The editor shows you 12 valuable hints already: Letting an array grow iteratively is very expensive. See this example:
x = [];
for k = 1:1e6
x(k) = rand;
end
The final array x need 8 MB only (8 bytes per element). But Matlab has to create a new vector in each iteration and copy the former contents to it. Theredfore Matlab has to request sum(1:1e6)*8 Bytes and copy sum(1:1e6-1)*8 Bytes. This is more than 4 Terabyte! Of course, this slows doen the procesing massively.
The solution is easy: Pre-allocation:
x = zeros(1, 1e6);
for k = 1:1e6
x(k) = rand;
end
Now Matlab allocates the final array with 8MB only and no further allocations or copies are required.
If you do not know the final size of your array, allocate the maximum posible size, if this matchs in your RAM and crop the array afterwards.
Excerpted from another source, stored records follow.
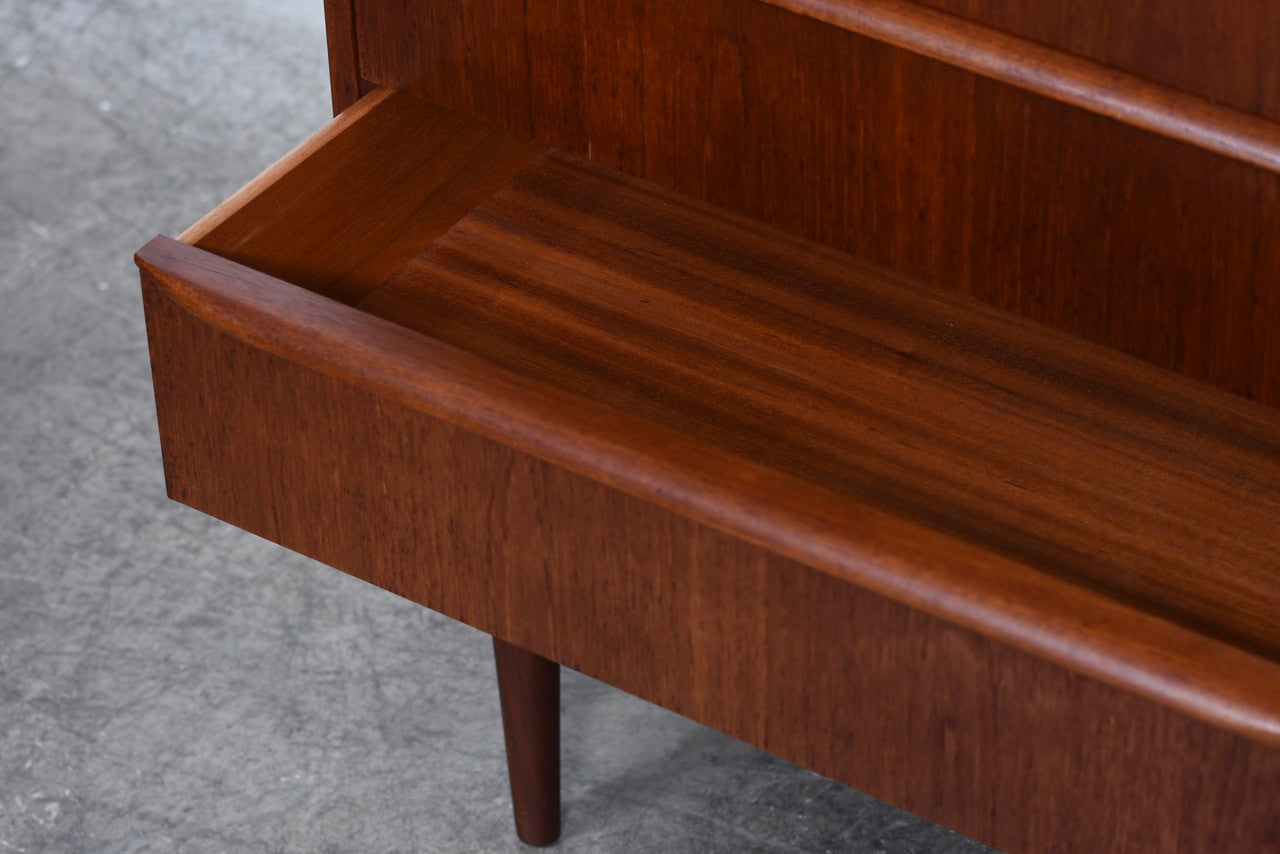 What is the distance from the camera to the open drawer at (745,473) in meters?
0.81

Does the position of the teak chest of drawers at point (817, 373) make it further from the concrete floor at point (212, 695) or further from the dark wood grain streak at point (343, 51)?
the concrete floor at point (212, 695)

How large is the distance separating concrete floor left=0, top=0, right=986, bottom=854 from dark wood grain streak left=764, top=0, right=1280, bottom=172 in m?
0.63

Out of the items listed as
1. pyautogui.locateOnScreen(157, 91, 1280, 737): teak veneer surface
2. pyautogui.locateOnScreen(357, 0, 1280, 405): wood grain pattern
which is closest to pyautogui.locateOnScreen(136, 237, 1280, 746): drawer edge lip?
pyautogui.locateOnScreen(157, 91, 1280, 737): teak veneer surface

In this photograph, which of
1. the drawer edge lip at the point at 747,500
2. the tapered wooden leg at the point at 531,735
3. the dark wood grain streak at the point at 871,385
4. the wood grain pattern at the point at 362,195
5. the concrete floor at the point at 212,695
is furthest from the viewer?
the concrete floor at the point at 212,695

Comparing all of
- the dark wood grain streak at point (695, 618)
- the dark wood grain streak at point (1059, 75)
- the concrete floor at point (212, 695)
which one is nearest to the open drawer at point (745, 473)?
the dark wood grain streak at point (695, 618)

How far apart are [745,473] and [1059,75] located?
0.23 m

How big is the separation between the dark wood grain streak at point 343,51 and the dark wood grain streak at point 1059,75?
0.28 metres

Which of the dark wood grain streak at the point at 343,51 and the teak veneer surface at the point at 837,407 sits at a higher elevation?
the dark wood grain streak at the point at 343,51

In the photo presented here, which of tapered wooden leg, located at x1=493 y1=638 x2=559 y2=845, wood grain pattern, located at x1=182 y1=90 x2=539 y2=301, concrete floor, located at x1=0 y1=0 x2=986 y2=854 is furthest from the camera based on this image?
concrete floor, located at x1=0 y1=0 x2=986 y2=854

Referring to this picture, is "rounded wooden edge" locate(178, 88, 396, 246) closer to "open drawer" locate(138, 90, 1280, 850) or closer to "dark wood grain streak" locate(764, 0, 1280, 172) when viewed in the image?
"open drawer" locate(138, 90, 1280, 850)

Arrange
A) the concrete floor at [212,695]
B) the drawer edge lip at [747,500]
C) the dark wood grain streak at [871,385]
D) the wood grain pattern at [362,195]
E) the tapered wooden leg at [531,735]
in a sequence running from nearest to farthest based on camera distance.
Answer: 1. the drawer edge lip at [747,500]
2. the dark wood grain streak at [871,385]
3. the wood grain pattern at [362,195]
4. the tapered wooden leg at [531,735]
5. the concrete floor at [212,695]

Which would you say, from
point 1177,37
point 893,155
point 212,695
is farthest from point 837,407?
point 212,695

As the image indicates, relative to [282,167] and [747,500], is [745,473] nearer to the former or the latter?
[747,500]

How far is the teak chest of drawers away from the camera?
0.83 metres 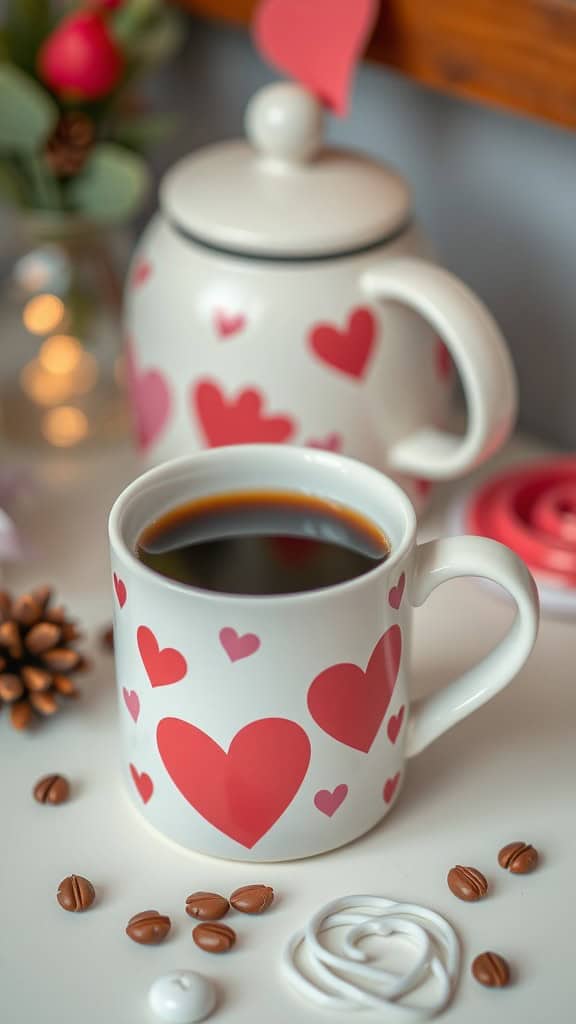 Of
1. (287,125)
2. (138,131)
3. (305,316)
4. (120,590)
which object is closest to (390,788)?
(120,590)

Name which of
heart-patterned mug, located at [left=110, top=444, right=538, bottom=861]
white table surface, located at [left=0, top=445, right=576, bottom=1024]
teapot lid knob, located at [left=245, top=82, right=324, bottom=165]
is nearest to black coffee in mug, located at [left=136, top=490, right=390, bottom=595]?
heart-patterned mug, located at [left=110, top=444, right=538, bottom=861]

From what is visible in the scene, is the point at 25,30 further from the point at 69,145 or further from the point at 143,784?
the point at 143,784

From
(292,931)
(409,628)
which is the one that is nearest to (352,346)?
A: (409,628)

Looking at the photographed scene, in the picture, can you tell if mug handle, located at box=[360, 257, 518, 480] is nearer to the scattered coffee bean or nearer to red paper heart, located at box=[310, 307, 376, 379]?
red paper heart, located at box=[310, 307, 376, 379]

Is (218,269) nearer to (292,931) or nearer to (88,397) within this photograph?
(88,397)

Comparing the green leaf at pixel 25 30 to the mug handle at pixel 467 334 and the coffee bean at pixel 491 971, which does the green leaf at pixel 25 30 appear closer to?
the mug handle at pixel 467 334

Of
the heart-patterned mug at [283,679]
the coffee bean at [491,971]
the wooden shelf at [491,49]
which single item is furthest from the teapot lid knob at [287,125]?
the coffee bean at [491,971]

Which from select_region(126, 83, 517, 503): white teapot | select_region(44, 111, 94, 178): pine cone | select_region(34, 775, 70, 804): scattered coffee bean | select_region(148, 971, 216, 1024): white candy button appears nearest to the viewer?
select_region(148, 971, 216, 1024): white candy button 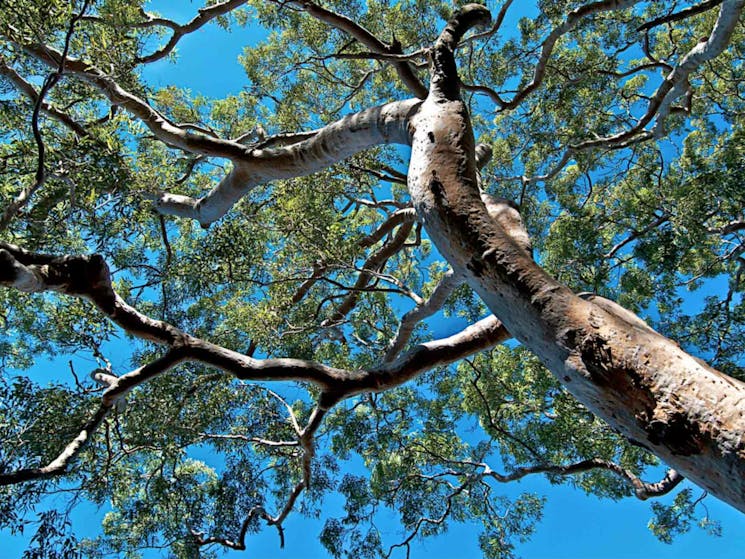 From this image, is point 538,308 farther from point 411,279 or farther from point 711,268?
point 411,279

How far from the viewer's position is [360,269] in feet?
15.2

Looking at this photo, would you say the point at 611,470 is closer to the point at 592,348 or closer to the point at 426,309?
the point at 426,309

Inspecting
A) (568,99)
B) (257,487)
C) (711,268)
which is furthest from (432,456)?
(568,99)

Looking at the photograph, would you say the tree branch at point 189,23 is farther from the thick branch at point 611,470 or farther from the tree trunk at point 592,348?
the thick branch at point 611,470

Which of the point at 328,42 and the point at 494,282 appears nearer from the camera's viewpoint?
the point at 494,282

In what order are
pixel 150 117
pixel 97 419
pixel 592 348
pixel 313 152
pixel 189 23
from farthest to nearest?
pixel 189 23, pixel 150 117, pixel 313 152, pixel 97 419, pixel 592 348

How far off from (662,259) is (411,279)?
463 cm

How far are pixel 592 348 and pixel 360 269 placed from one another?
2925mm

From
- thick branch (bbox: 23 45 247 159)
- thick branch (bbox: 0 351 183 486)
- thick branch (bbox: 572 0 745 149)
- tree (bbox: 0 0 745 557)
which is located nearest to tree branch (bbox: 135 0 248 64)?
tree (bbox: 0 0 745 557)

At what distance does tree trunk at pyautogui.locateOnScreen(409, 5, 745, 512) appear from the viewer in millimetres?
1564

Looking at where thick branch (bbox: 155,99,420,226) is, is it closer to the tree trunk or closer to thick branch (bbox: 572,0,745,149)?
the tree trunk

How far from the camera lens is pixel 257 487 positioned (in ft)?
21.3

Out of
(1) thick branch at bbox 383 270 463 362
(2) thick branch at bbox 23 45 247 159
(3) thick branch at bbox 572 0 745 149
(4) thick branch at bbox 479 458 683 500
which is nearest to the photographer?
(2) thick branch at bbox 23 45 247 159

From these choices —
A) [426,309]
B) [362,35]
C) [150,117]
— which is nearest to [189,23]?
[150,117] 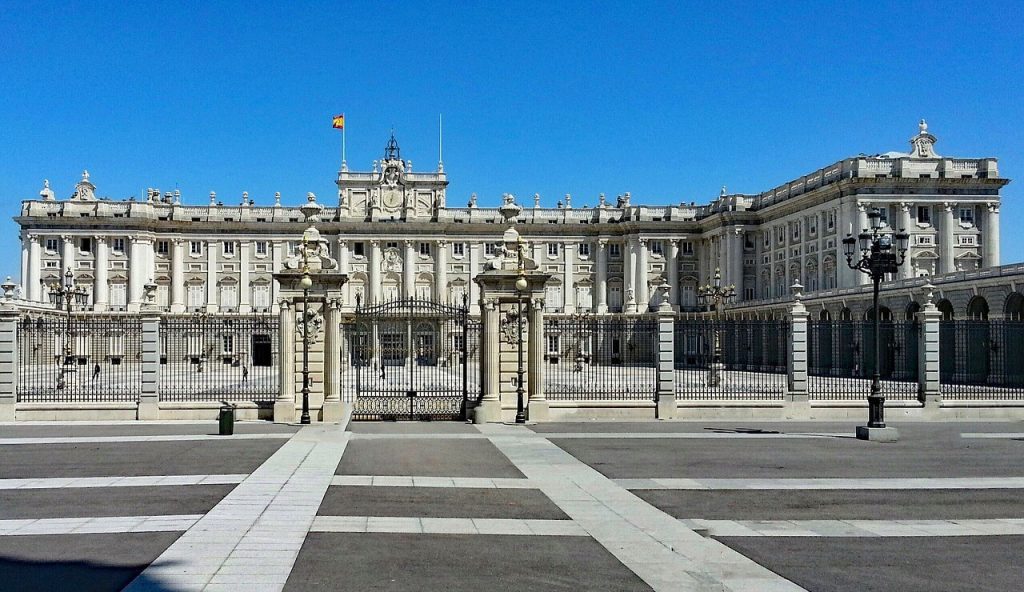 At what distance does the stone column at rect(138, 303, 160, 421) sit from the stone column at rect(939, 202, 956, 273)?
2591 inches

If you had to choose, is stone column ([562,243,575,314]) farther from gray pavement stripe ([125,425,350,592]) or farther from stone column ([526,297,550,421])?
gray pavement stripe ([125,425,350,592])

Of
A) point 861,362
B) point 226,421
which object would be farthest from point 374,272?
point 226,421

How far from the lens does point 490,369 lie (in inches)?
1062

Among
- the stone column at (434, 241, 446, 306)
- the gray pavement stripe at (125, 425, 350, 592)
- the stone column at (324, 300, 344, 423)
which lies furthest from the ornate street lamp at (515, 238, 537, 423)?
the stone column at (434, 241, 446, 306)

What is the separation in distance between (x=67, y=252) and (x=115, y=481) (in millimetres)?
91685

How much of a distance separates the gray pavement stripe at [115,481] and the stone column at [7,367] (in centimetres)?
1281

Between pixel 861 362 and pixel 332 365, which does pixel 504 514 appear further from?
pixel 861 362

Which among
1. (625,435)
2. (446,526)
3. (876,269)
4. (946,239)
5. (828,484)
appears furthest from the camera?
(946,239)

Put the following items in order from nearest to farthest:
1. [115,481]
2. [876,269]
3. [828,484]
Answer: [115,481]
[828,484]
[876,269]

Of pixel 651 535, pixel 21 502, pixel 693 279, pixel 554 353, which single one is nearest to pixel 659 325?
pixel 651 535

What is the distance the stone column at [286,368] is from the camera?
87.2ft

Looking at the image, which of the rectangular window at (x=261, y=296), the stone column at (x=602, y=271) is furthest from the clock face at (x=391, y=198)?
the stone column at (x=602, y=271)

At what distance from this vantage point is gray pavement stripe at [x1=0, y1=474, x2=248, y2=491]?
598 inches

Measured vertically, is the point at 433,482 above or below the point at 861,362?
below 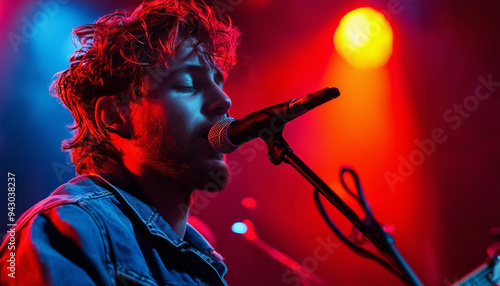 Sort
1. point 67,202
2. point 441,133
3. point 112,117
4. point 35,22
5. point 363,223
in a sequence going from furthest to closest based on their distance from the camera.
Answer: point 441,133
point 35,22
point 112,117
point 67,202
point 363,223

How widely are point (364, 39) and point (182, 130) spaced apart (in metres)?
2.82

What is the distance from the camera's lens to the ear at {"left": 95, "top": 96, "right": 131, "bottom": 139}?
5.08 feet

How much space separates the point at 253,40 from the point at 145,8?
5.49 ft

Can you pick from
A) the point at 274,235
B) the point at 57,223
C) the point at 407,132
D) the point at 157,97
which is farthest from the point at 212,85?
the point at 407,132

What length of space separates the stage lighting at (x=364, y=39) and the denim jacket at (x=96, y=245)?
2869 millimetres

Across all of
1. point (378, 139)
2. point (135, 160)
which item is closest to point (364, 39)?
point (378, 139)

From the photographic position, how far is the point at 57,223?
0.96 metres

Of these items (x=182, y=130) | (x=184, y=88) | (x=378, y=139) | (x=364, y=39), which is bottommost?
(x=378, y=139)

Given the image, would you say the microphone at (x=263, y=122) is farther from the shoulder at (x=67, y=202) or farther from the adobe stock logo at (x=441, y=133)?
the adobe stock logo at (x=441, y=133)

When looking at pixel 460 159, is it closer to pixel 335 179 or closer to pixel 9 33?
pixel 335 179

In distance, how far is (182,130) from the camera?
1.44 metres

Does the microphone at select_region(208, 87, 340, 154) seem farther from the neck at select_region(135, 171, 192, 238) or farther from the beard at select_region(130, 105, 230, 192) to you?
the neck at select_region(135, 171, 192, 238)

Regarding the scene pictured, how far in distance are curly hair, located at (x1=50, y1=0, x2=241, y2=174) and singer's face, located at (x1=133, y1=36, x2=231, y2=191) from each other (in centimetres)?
10

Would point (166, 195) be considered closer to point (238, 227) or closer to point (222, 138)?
point (222, 138) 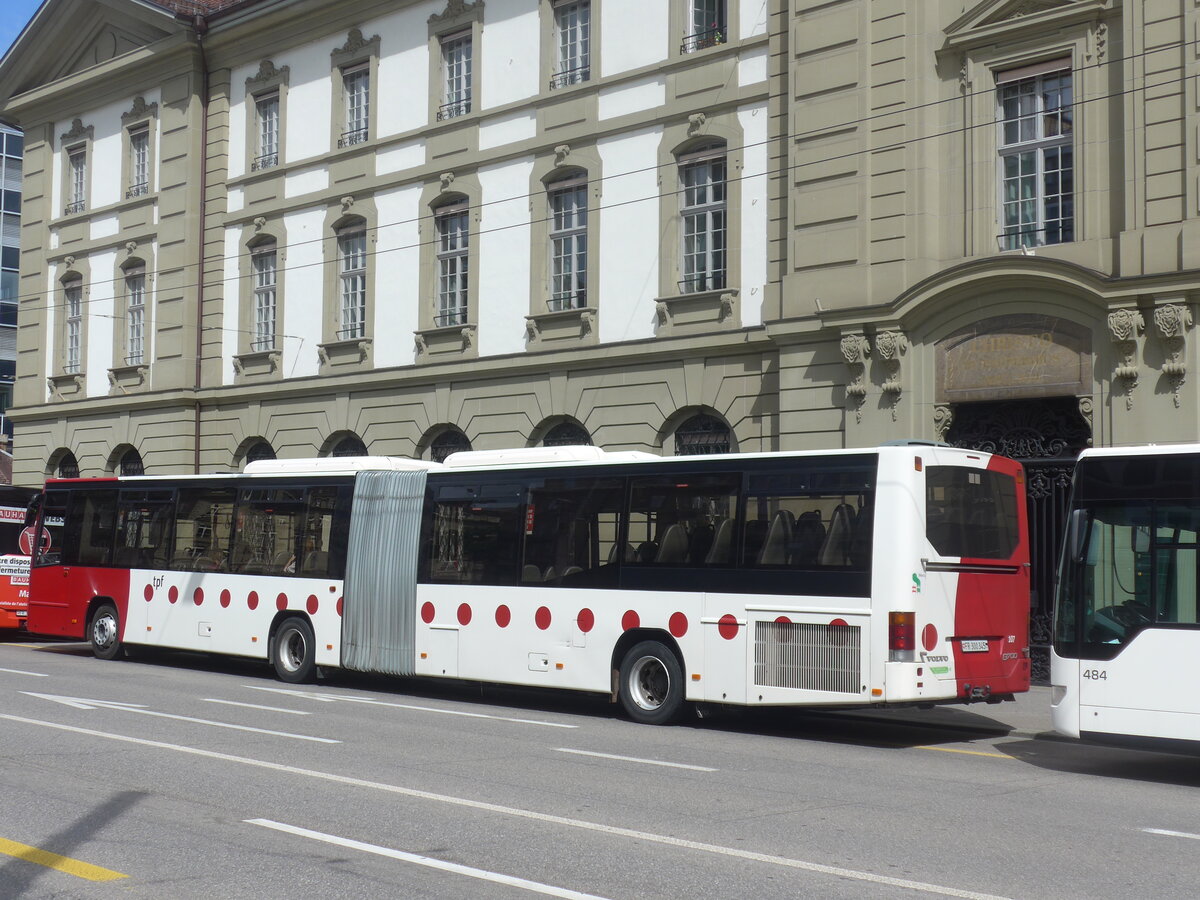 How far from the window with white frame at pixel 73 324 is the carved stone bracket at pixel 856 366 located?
22.6 metres

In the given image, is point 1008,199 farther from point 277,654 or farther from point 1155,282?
point 277,654

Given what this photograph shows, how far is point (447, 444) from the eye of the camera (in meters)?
27.1

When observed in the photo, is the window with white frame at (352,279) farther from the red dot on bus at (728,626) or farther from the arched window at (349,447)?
the red dot on bus at (728,626)

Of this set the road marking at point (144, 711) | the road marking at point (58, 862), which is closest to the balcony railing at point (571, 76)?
the road marking at point (144, 711)

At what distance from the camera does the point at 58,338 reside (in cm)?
3606

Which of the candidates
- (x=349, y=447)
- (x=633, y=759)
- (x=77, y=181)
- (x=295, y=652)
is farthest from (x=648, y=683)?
(x=77, y=181)

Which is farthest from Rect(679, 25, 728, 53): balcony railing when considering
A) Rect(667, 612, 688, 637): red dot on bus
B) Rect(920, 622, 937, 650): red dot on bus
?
Rect(920, 622, 937, 650): red dot on bus

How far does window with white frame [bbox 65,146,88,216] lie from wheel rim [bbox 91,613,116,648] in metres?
16.7

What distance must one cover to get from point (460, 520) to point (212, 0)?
21596 millimetres

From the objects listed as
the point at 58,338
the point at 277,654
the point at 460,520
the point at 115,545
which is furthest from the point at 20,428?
the point at 460,520

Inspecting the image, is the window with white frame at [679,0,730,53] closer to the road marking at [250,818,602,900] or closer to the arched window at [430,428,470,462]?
the arched window at [430,428,470,462]

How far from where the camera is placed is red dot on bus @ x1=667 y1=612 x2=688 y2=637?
14.6 m

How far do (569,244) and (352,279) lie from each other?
604 cm

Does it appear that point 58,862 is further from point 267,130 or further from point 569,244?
point 267,130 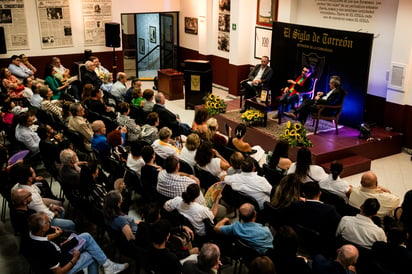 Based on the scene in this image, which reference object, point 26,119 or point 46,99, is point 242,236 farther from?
point 46,99

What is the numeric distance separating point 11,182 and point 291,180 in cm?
315

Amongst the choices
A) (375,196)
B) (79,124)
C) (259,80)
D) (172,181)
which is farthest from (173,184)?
(259,80)

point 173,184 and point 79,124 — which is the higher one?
point 79,124

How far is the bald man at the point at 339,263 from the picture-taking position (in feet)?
11.6

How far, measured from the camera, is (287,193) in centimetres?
466

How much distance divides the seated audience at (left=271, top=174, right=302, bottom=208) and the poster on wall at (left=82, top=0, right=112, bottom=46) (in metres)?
9.84

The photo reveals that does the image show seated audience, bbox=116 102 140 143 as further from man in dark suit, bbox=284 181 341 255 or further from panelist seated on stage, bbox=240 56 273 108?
panelist seated on stage, bbox=240 56 273 108

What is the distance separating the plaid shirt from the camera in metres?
4.91

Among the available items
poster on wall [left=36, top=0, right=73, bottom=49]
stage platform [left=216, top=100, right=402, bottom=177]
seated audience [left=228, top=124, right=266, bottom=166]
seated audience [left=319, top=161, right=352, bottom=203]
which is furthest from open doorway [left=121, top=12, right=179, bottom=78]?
seated audience [left=319, top=161, right=352, bottom=203]

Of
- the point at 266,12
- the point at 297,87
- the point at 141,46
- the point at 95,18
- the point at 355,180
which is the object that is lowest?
the point at 355,180

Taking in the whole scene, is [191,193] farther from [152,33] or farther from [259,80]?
[152,33]

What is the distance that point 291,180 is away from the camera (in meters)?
4.69

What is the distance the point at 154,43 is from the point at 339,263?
13006 millimetres

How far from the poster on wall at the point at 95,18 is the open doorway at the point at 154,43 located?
1.49 m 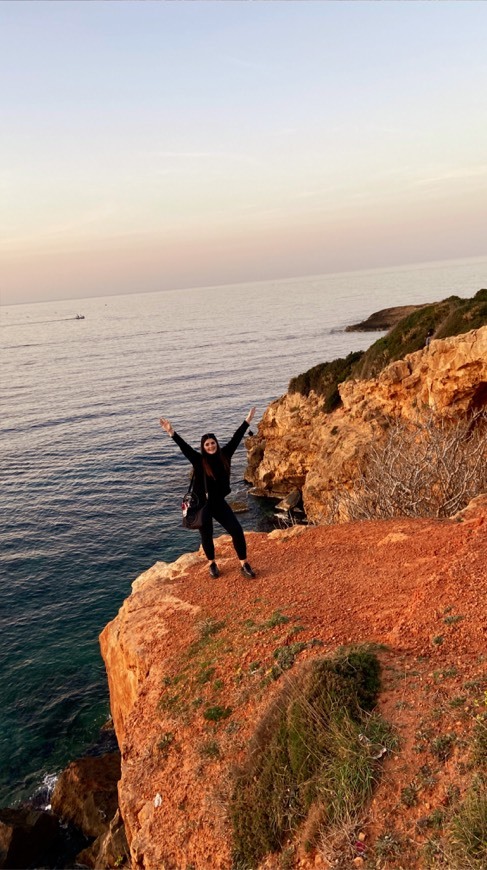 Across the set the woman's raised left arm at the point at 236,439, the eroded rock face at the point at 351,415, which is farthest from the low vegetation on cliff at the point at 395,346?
the woman's raised left arm at the point at 236,439

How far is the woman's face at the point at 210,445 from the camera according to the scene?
32.6 ft

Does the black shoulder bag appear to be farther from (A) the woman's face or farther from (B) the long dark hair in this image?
(A) the woman's face

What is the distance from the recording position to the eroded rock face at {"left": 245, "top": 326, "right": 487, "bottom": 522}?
72.9 feet

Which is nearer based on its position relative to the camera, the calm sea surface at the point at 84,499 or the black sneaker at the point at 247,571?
the black sneaker at the point at 247,571

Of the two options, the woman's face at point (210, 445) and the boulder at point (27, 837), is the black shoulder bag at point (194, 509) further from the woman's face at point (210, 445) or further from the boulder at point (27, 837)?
the boulder at point (27, 837)

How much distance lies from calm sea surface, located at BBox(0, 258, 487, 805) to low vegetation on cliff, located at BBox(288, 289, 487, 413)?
338 inches

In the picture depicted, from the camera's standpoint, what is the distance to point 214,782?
272 inches

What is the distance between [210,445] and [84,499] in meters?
26.5

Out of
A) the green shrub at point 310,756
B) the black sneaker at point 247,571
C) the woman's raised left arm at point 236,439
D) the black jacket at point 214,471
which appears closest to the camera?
the green shrub at point 310,756

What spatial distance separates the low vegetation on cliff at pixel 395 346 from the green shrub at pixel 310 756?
27.9 metres

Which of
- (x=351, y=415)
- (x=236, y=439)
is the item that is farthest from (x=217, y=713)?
(x=351, y=415)

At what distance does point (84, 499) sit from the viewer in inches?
1351

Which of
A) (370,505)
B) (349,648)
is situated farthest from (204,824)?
(370,505)

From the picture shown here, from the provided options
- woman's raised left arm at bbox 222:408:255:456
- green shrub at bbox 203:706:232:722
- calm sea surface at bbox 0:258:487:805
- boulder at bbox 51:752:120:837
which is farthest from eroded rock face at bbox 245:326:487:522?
green shrub at bbox 203:706:232:722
Another option is to allocate in chunks:
chunk = 1e3;
ix = 0;
nx = 0;
x = [];
for k = 1:1e6 * rand
ix = ix + 1;
if ix > nx
nx = nx + chunk;
x(nx) = 0; % Expands the array implicitly
end
x(ix) = rand;
end
x(ix + 1:nx) = []; % Crop unused memory
Prefer larger chunk sizes.
while nume/deno > octaveRatio
deno = deno*2;
end
while nume/deno > octaveRatio
deno = deno*currentPrime;
end
Seriously? There ius no need to do this in a loop.
This has a lot of overhead:
if ismember(fRatio,fRatioArray) == 0
Faster and nicer:
if ~any(fRatio == fRatioArray)
With replacing ismember by any(a==b), the code runs in 7.5 instead of 8.5 seconds in my Matlab R2018b.
Now use the profiler to find the bottleneck: gcd(). You can create a much faster tool omitting the smart features as array input, special treatment of integer types and so on:
function u = myGCD(a, b)
u = max(a, b);
v = min(a, b);
while v > 0
t = rem(u, v);
u = v;
v = t;
end
end
Using this instead of of Matlab's gcd() reduces the tun time to 2.4 seconds.
I do not understand the pile of tocs. You measure the time from the last start of the first loop, where tic is called. Is this really the correct timing for the output file?